+++ Records for this exercise +++
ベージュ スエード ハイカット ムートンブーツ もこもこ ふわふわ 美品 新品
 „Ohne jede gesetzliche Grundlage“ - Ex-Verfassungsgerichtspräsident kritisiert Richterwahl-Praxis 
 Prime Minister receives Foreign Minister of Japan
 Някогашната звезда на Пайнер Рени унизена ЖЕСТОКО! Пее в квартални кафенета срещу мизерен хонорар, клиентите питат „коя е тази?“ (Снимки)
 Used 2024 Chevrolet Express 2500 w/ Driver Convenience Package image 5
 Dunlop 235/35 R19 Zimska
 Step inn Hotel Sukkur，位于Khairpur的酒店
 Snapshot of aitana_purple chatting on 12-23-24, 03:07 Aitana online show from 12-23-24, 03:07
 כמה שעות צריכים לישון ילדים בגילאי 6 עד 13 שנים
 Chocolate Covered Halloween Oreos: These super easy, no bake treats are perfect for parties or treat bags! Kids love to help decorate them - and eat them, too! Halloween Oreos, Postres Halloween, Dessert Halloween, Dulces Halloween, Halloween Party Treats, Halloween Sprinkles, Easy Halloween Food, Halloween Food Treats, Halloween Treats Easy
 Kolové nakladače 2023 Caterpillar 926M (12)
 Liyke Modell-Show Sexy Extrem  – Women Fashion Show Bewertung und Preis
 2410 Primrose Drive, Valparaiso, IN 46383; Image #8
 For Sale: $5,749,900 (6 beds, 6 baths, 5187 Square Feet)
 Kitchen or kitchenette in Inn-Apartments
+++
### What you need to do:
Exact duplication is required for the lines above, from the line that contains "Ex-Verfassungsgerichtspräsident kritisiert Richterwahl-Praxis" to the line that contains "Prime Minister receives", inclusive; omit all others.

### Exercise output:
 „Ohne jede gesetzliche Grundlage“ - Ex-Verfassungsgerichtspräsident kritisiert Richterwahl-Praxis 
 Prime Minister receives Foreign Minister of Japan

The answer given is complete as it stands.